The three-judge panel, hearing the Fed’s appeal Friday of a ruling that threw out the cap, was skeptical of arguments by retailers that the Fed hadn’t followed the Dodd-Frank financial reform law in setting the debit-card swipe fee. The retailers, who successfully sued the Fed in a trial court, contend the fee should be lower, and that the central bank considered too many card-provider costs in setting the cap.
“We’re trying to tell you, none of us buy that,” U.S. Circuit Judge Harry Edwards of the U.S. Circuit Court of Appeals in Washington told a lawyer for the merchants.
Circuit Judge David Tatel said that Congress intended to give the central bank room to consider costs other than those explicitly set out in the Dodd-Frank law.

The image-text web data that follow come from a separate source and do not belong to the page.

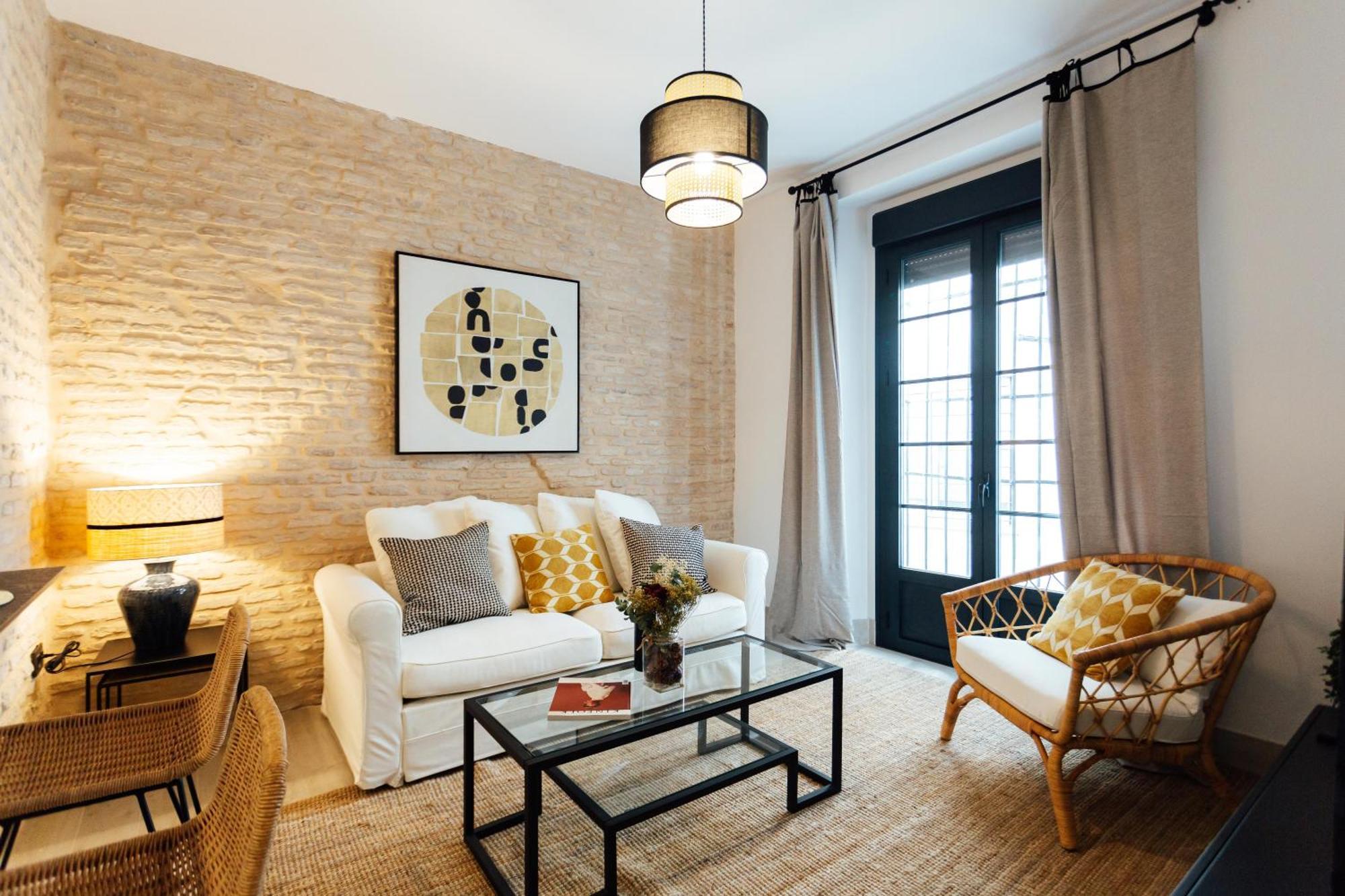 Luxury And Cozy- 1Bd 1Bth- Las Setas Sevilla Dış mekan fotoğraf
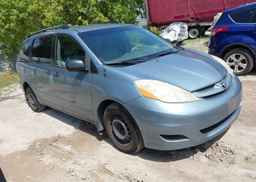 2007 TOYOTA SIENNA CE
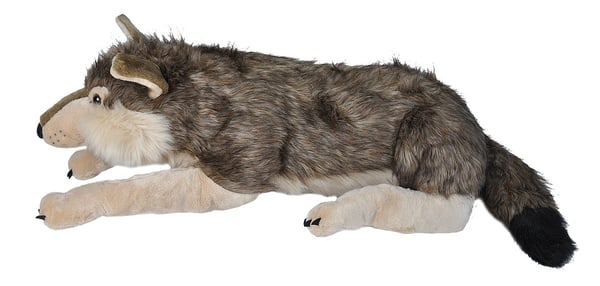 Wild Republic Wolf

“We think there are nonincremental costs that are transaction-specific that can be included,” Tatel said.
The Fed’s appeal is the latest step in a more than four-year battle over a $16 billion revenue stream for banks that has pitted retailers of all sizes, including Home Depot Inc., Wal-Mart Stores Inc. and Target Inc., against banks led by JPMorgan Chase & Co. and Bank of America Inc. Banks stand to lose about $8 billion a year if the Fed cap stays at the current level, according to a Bloomberg Government report.
About 50 billion debit transactions took place in 2011 and the cards have eclipsed checks and credit cards as the most common form of noncash payment, according to court documents.
The fees under the Fed’s cap are set by Visa Inc. and MasterCard Inc., which own the payment networks and pass the money from banks to merchants.
The judges’ comments bolstered the Fed’s contention that it was correct in allowing the expenses such as computers, software and labor to be considered in setting a fee cap. They also indicate a decision in the case could turn on whether the panel thinks the collection of costs considered by the Fed was reasonable.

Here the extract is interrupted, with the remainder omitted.